Até lá, os buracos serão preenchidos, como de costume, por temporários. Ao todo, quatro mil contratos serão firmados para o início do ano letivo. Além das cadeiras dos profissionais nomeados agora, incluem aquelas referentes a diretores, vices e coordenadores de ensino. O Sindicato dos Professores critica. “O governo demorou muito para nomear, e quem vai perder, no fim da história, serão os alunos, porque teremos o problema de troca de professores logo no início do ano”, reclama o sindicalista Samuel Fernandes.
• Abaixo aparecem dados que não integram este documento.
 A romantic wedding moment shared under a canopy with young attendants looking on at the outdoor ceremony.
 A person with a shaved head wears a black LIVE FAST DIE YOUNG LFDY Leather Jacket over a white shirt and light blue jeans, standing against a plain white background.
De acordo com ele, as escolas vivem com um déficit de pelo menos dois mil efetivos. “Nos últimos três anos houve em torno de 3,5 mil aposentadorias e o governo não nomeia no mesmo ritmo”, diz.

Versão oficial

Em nota, a Secretaria de Educação informou que a Escola Classe 59 já passou por vistoria da Defesa Civil e, em razão dos problemas apontados pelos técnicos, elaborou projeto arquitetônico de reforma do espaço, aprovado recentemente pela Central de Aprovação de Projetos (CAP). No momento, a pasta aguarda a elaboração de projetos complementares para definir o orçamento necessário para a obra e iniciar a licitação. A previsão é de que os trabalhos comecem este ano, uma vez que há recurso destinado para a reconstrução. Até que questão seja sanada, os estudantes serão remanejados para o Centro de Ensino Médio 4, até então utilizado pela Universidade de Brasília (UnB). Ao destacar que o CEM 4 está distante apenas 1 quilômetro da EC 59, a secretaria não informou se fornecerá transporte, tampouco quando fará o comunicado aos pais.

Saiba mais

O Conselho Regional de Engenharia e Agronomia (Crea) não tem conhecimento de nenhum levantamento recente de fiscalização preventiva feita nas escolas públicas da capital. No entanto, espera se reunir com outros órgãos para que possam implementar um programa com foco nisso.

Fátima Có, presidente da entidade, revelou ao Jornal de Brasília que sete escolas com obras sem empresa de engenharia foram fiscalizadas nos últimos meses. Em todos os casos, havia contrato com empresas especializadas, mas sem registro no Crea. Todas foram notificadas.